Probably Richard Avedon’s portrait of Marilyn Monroe.
How much is it worth?
About £100 ,000. This is a work I really wanted to have in my collection. A portrait of Picasso by Irwin Penn costs a similar amount of money.
Do you exhibit your own work? What kind of fate would you want for them anyway?
There was one solo exhibition at the GRAD Gallery in London. There were several exhibitions in Provence. In St. Petersburg I participated in two joint exhibitions in our gallery: “Roofs of St. Petersburg” and “Yards-Wells. We published a book based on them. The next exhibition will be on a close theme – “Parades of St. Petersburg. It would be ideal to show these works in one of the Hermitage buildings; we are trying to arrange that.
Is recognition by the professional community important to you?
Yes, of course. We will take the Peter exhibition abroad. Although it’s technically difficult – we have meter-sized photos. But I don’t promote myself personally as a photographer: I don’t communicate with anyone in particular, I don’t like social networks very much. The community in England is very small. I don’t even know who’s shooting humanly here. In my opinion, the only really interesting photographer alive today is Michael Kenna. We are going to do an exhibition of it in St. Petersburg. Tim Rudman is a good landscape photographer who prints his own landscapes, but I’ve never seen his work live. I also like the work of the Russian photographer Sasha Gusev. But I don’t understand Martin Pare, who is popular in England.
What do you shoot most often yourself?
Now I and my Art of Foto colleagues are doing a big project – we’ve been shooting “Faces of the World” for four years now. We were in Papua New Guinea, three African countries: Ethiopia, Namibia and Tanzania, Burma and China. We recently spent a week in Yamal. We want to capture people who still live the traditional natural life of those countries, who have not yet been touched by globalization. It’s a completely outgoing nature. In the near future, the monks of Valaam. Next year, India and Latin America. Salgado, a famous traveler and an excellent photographer, visited many more countries, but always shot with a “watering can”, which, alas, affected the quality of the photos. Based on the results we will prepare an exhibition and a serious book.

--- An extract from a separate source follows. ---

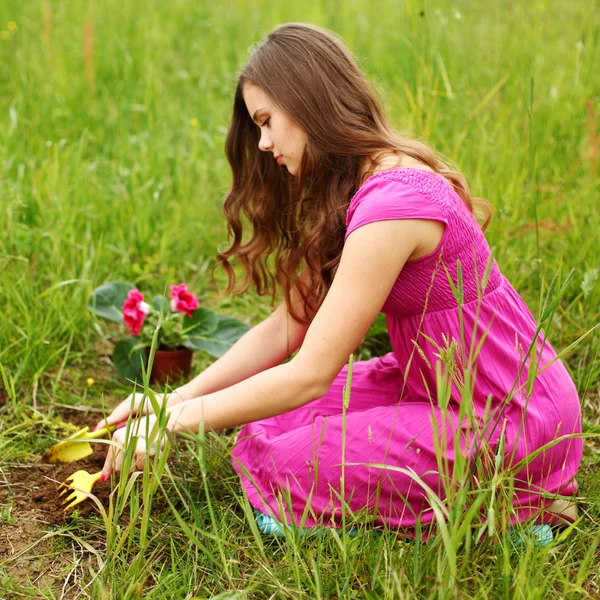 Girl grow flower — Stock Photo, Image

You shoot on film. Don’t you think that film photography is also a passing nature?
Film or digital is a very popular discussion. I wouldn’t particularly want to contribute to it. Of course, color film photography is practically dead. In journalism, sports photography, fashion, etc., film has long had no place. But in my opinion, there is no alternative to film or analog processes in artistic photography. The main reason is that we see the world as analog, with smooth transitions of colors, shades and lines. And the figure is only an approximation of these lines. Naturally, we are talking about the final print. You can’t see it on your computer or phone screen. By the way, the analog photography market is slowly growing.

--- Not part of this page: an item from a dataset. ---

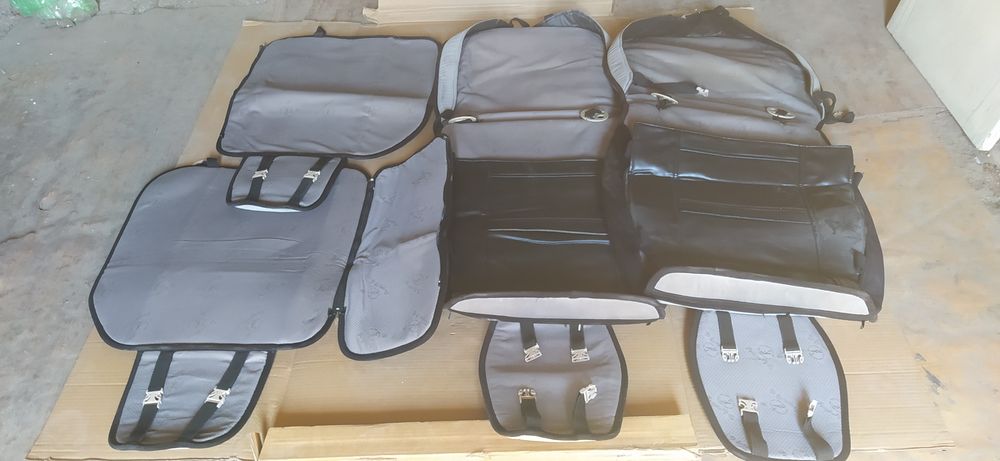 Чехлы два комплекта.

How do you deal with large format cameras when you travel?
That’s how we carry it – in hand luggage. Film, which is 10 boxes of A4 format, we also take in hand luggage. They are in protective cases, so every time they are forced to open them at airports during inspection, they start asking questions. Most people don’t understand what it is anymore. And also tripods, stands, backdrops and lights.

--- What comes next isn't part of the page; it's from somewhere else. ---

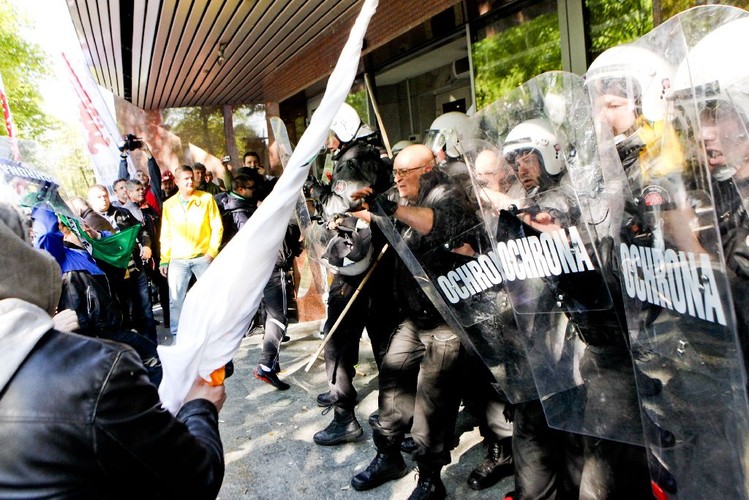 Manifestacja związkowców pod siedzibą KGHM w Lublinie. Ochrona pilnuje dostępu do siedziby biura zarządu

How many pounds is that anyway?
Probably 50-60 kilograms. You can’t fit it all in one car for a long time, you need at least two. On all trips we have a permanent team, without which it is physically impossible to cope with all this equipment.
You have wonderful portraits by artists Eric Bulatov, Oscar Rabin. Is there anyone else you dream of shooting?
I have a lot of plans, and among the already concrete ones are Ksenia Rappoport and Liza Boyarskaya and the Russian ballerina Natalia Osipova. I dream of shooting Shevchuk and BG, and we’ve practically reached an agreement with Makarevich. Of course, Gergiev and Eifman and Piotrovsky. For a long time I wanted to make a portrait of the Russian photographer Boris Plotnikov, the author of the iconic photographs of Vladimir Vysotsky. I don’t give up hope of making a good portrait of Chulpan Khamatova.